__WHAT YOU SHOULD DO__.
Beginning with the line that has "Bild på Maja Söderström" and ending with the line that has "Photo of Rossmore Gardens, Liverpool, L4", retype the entries below exactly, except for the pictures.

Extracted records
********

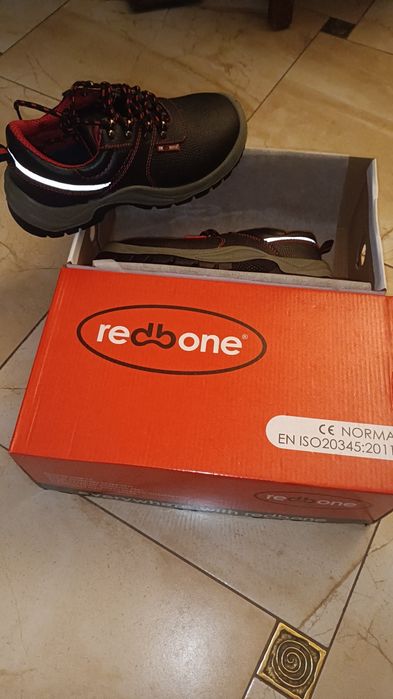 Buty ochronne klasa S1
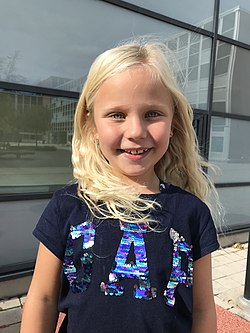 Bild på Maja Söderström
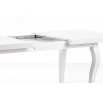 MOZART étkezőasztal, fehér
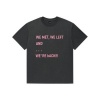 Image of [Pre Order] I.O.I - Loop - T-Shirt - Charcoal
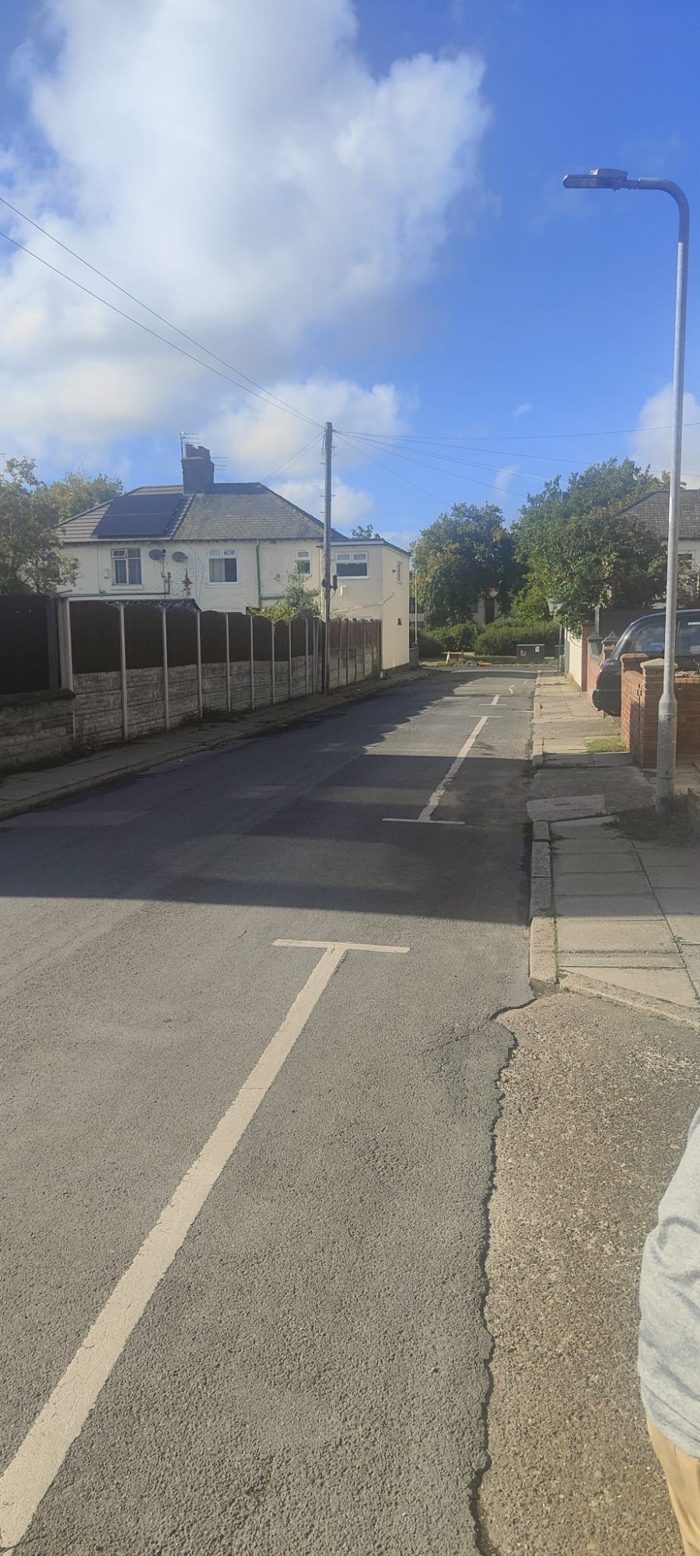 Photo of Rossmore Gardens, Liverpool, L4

********

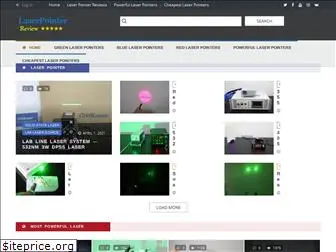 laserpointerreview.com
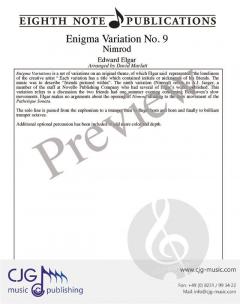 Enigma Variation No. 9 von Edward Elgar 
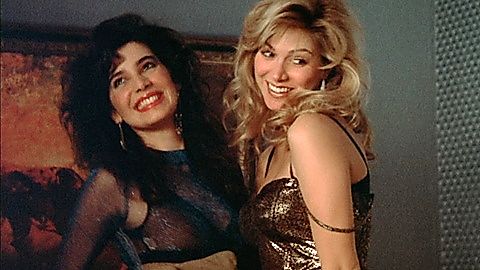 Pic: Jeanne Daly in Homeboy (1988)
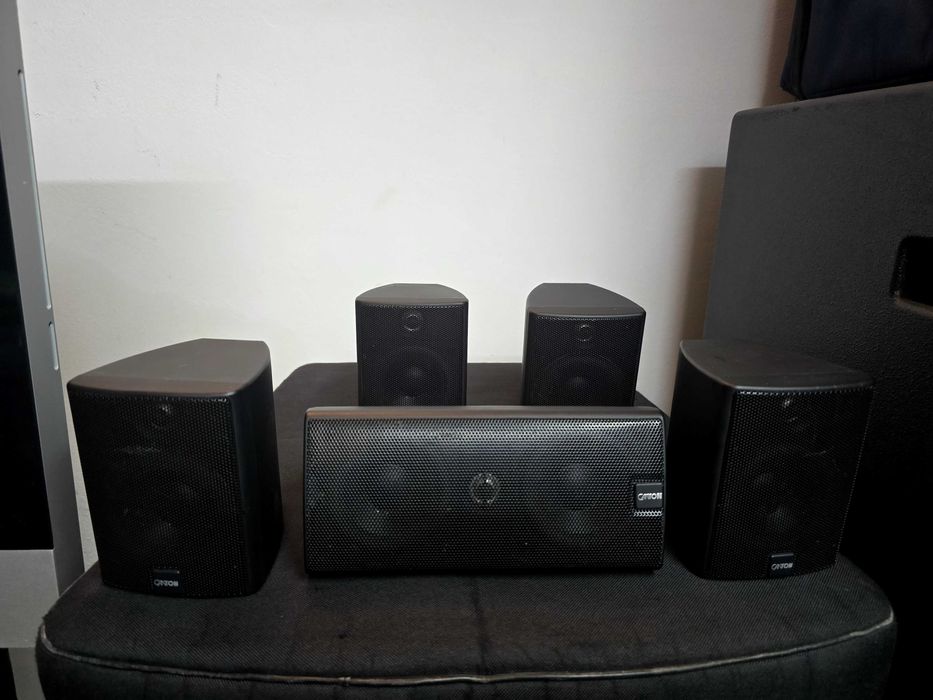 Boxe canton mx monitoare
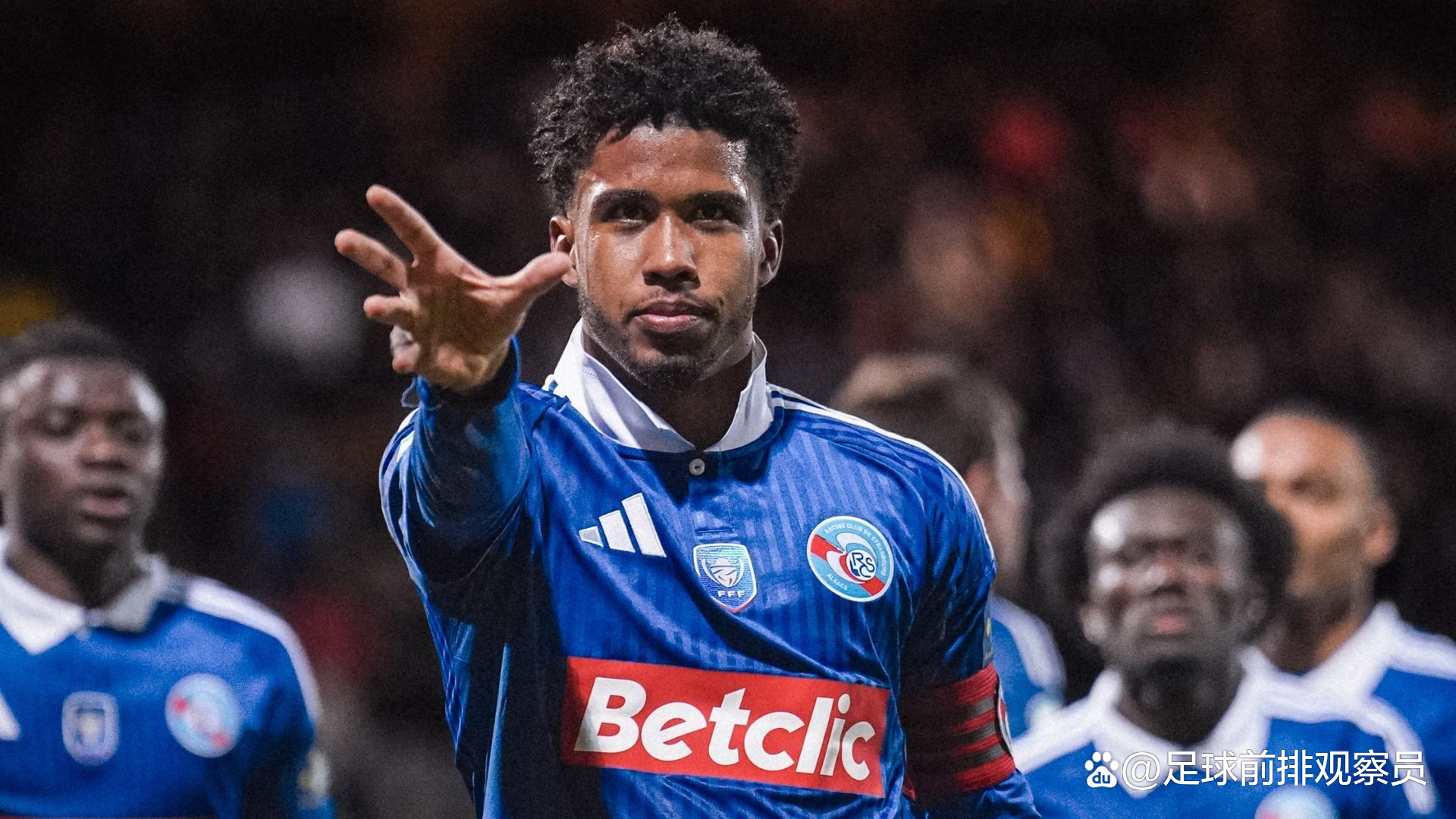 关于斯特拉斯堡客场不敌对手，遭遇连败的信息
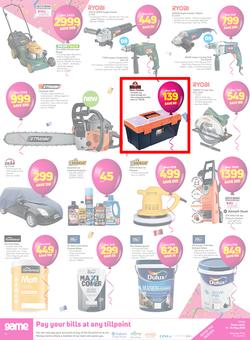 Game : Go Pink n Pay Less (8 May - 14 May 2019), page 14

********

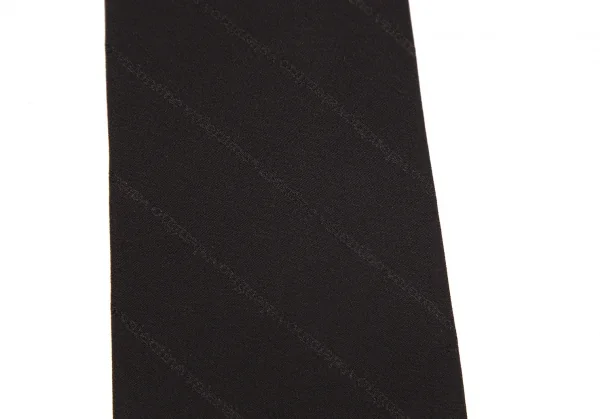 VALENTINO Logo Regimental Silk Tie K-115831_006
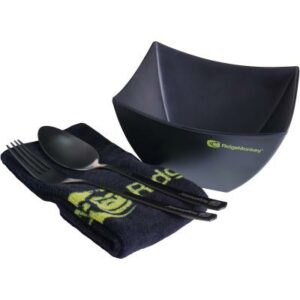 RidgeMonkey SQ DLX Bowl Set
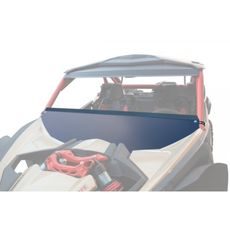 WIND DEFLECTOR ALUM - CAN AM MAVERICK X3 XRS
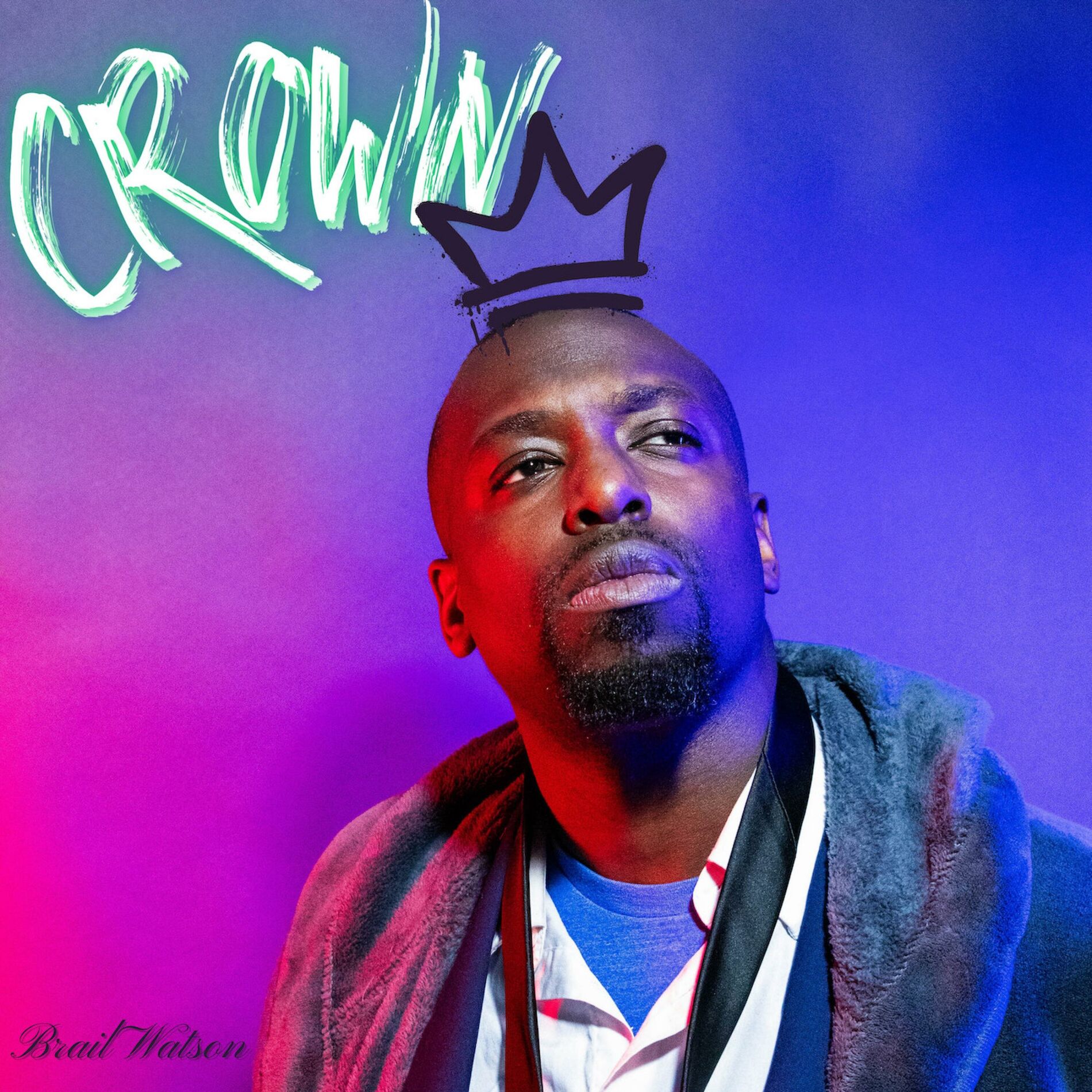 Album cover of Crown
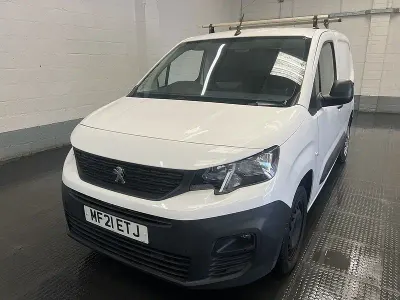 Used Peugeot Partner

********

__TASK RESPONSE__.
 Bild på Maja Söderström
 MOZART étkezőasztal, fehér
 Image of [Pre Order] I.O.I - Loop - T-Shirt - Charcoal
 Photo of Rossmore Gardens, Liverpool, L4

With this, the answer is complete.